International measures to promote payment transparency

In recent years, the international community has established a global standard for transparency through various complementary instruments that share responsibility between the host and home countries of commodities companies.

1. Measures in countries that host commodities trading companies

The principle of transparency of financial flows in the commodities sector was picked up by the Extractive Industry Transparency Initiative (EITI) in 2003, at the initiative of the global NGO network Publish What You Pay (PWYP) (which Public Eye is part of).

The rules are established at the international level, in a multi-stakeholder forum of countries, companies and NGOs (on the form in which payments are published, the level of granularity, etc.). Countries – rather than companies – become members of the EITI; in doing so, they commit to two principles: 1) to disclose all revenues that the government receives from commodities companies, 2) on their side, companies operating in the country must commit to disclosing the payments they make to governments. This makes it possible to identify discrepancies and possible instances of embezzlement. As Switzerland does not have any resources, it cannot become an EITI member; however, it is a ‘supporting country’ and makes financial contributions.

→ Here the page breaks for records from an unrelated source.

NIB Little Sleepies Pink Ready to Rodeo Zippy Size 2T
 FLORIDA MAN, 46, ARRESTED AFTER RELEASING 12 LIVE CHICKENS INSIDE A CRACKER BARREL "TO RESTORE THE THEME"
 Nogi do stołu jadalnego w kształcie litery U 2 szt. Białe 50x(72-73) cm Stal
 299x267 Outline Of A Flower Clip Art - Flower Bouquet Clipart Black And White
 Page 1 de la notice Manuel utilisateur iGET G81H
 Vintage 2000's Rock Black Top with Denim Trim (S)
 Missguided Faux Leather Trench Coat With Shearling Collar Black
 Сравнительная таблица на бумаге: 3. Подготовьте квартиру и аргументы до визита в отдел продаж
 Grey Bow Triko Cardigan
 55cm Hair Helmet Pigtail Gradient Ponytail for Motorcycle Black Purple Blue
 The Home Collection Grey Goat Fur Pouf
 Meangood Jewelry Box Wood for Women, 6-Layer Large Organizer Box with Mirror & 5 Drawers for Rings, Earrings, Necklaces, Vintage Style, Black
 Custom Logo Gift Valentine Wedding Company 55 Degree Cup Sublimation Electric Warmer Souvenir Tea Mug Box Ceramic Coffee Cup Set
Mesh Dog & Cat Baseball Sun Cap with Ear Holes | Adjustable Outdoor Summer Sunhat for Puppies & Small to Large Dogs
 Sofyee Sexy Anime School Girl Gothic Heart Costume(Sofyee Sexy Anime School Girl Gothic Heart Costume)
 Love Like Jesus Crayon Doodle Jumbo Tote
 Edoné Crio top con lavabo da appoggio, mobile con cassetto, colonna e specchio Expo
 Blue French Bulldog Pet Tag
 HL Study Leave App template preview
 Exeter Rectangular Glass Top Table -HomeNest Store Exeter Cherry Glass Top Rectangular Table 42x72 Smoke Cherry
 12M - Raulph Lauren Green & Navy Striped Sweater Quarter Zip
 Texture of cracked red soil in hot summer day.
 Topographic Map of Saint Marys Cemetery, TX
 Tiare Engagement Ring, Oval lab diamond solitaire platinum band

EITI is important but not sufficient, because for ‘good reason’ particularly opaque countries (such as Angola, Venezuela or Russia) do not want to join and weak states lack the capacity to monitor the sector. Moreover, EITI has no means of sanctioning countries that are not part of the initiative.

© Mark Henley/Panos

2.  Measures in countries where commodities companies are headquartered

Given the weaknesses of EITI, increasing numbers of countries that host commodities companies (i.e. the country where a commodity company is registered) have implemented measures to strengthen transparency: they require commodities companies to publish their payments to governments of all countries, regardless of whether the country in question is a member of EITI.

In 2013, the European Union adopted financial reporting rules and transparency directives to this end. Nearly all EU member states have since transposed the directives into their national legislation. Since 2014, Norway and Canada have implemented similar laws, bringing the number of countries with legislation on payment transparency to 30.

In June 2016, the United States adopted implementing provisions for transparency legislation from 2010. Following the election of Donald Trump, the US Congress revoked these provisions in a move that was met with strong criticism from civil society and the international media.